RECORDED INFORMATION -
==================================================
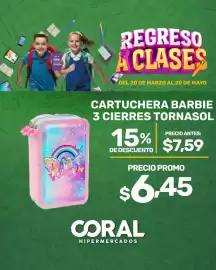 Catálogo Coral Hipermercados Página 2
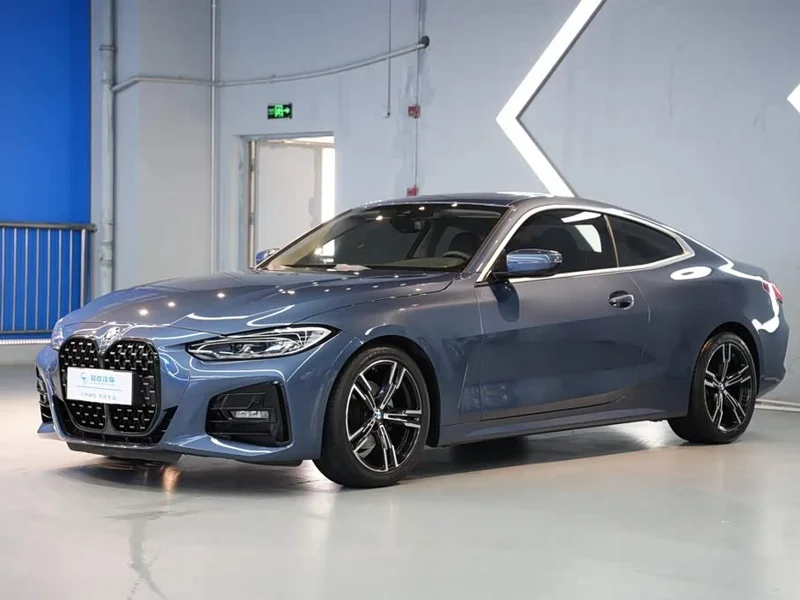 BMW 4-Series — фото 1
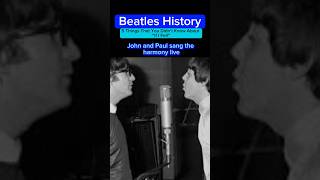 Beatles History - “If I Fell” - 5 Things That You Didn’t Know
==================================================
PROBLEM -
Would you copy out the data exactly, leaving every picture out?

WORKED SOLUTION -
 Catálogo Coral Hipermercados Página 2
 BMW 4-Series — фото 1
 Beatles History - “If I Fell” - 5 Things That You Didn’t Know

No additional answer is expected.